The educators did not focus on asking her to wipe up the table or floor, or not to use the wooden bowls from another table. In fact, she used a mop that was available soak up the water when too much was on the floor without being asked.
The trust was also evident in the students engagement with "Home Toys". Many of the students walked into the room with their hands full of different toys from home. Some children had Pokemon cards, some had beyblades, some had dolls.
Tessa and I had a quick conversation around how valuable allowing these materials into the room can be. Beyond academics there are valuable life skills that are attained such as taking ownership for things that belong to us, understanding how to fairly trade cards, even understanding how to be assertive while trading.
|Holly capturing moments of dance during exploration and discovery time.|
|Tessa documenting and noticing the mathematical skills emerging from the children's Pokemon cards.|
We also got to pop over to visit Bryan Farnworth who teaches across the hall from Tessa and Holly. He embraces very similar philosophies as Holly and Tessa do in his teaching and interactions. I enjoy conversations with Bryan as he also challenges my thinking and offers great perspective. While we were chatting over lunch, Bryan made a great point about relationships and our interactions with students. He explained that we all draw from our experiences, different schools of thought, and different strategies...but ultimately you have to be "you" in the classroom. We have value to bring in our personalities and trying to teach in a way that isn't who you are isn't genuine either. Bryan has a different approach in the way he plays and documents learning and enjoys being in the middle of play rather than on the edge. But I think his message is important in that honouring who we are as individuals in education is important too.
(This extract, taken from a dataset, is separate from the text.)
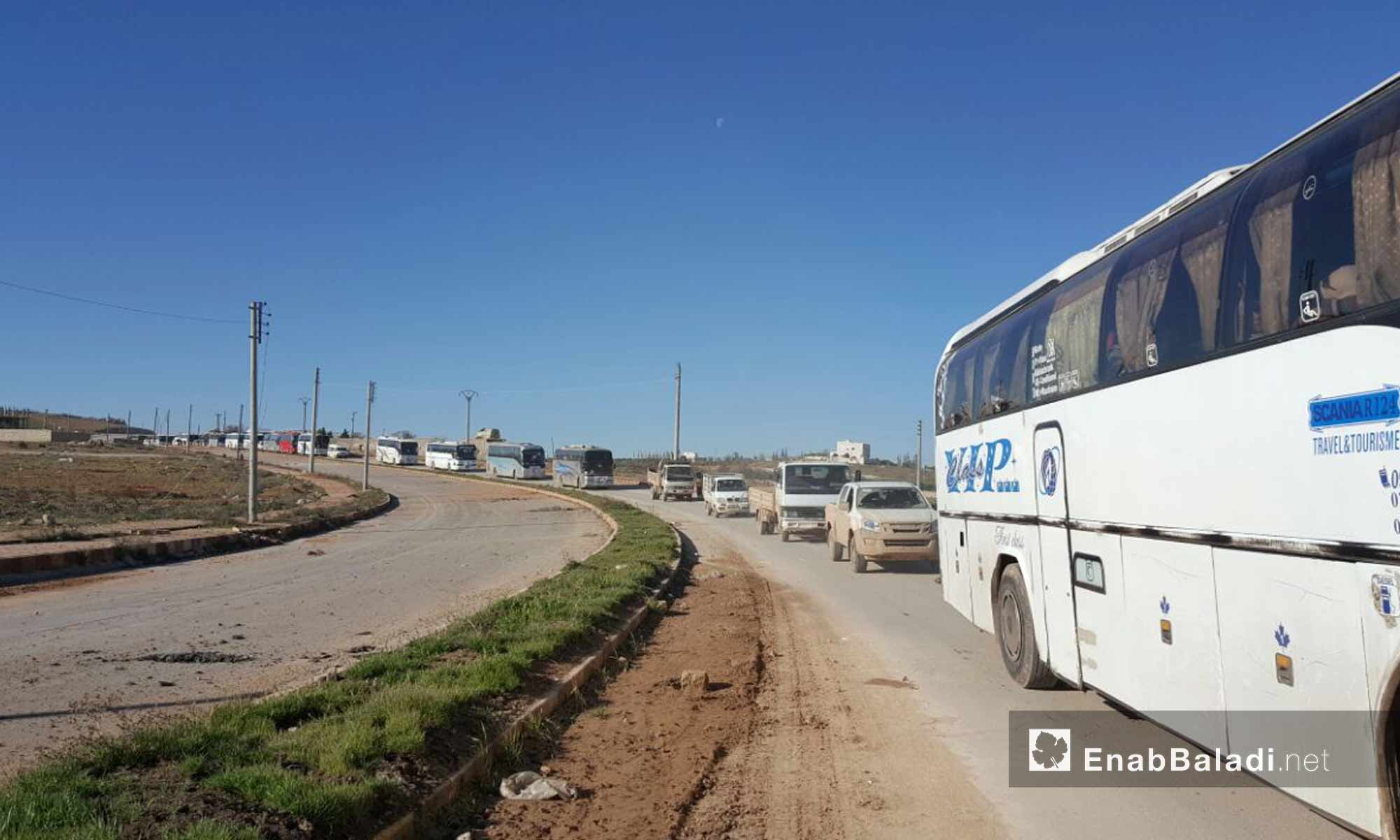 وصول الحافلات التي تقل أهالي حي الوعر إلى ريف حلب الشمالي - 10 آذار 2017 - (عنب بلدي)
|This sign was posted on Bryan's door. What a great reminder to begin each day with.|
As educators, it is so important to take the time to build relationships in our classrooms but beyond that it is important to practice what we preach.
If we truly believe that children are capable ... give them time to solve problems on their own, trust them to take calculate risks in the classroom, provide them with rich materials to investigate.
Be sure to follow Tessa and Holly on Twitter:
@TessaHeffernan and @DiljeeH
Their Classroom Twitter Account: @KADiscoveries
Their Blog: http://www.dailydiscoveriesinka.blogspot.ca/
Thank you Tessa, Holly, and Bryan for opening your doors and being critical friends. I am so appreciative to have the opportunity to learn from you all and to see your passion in action!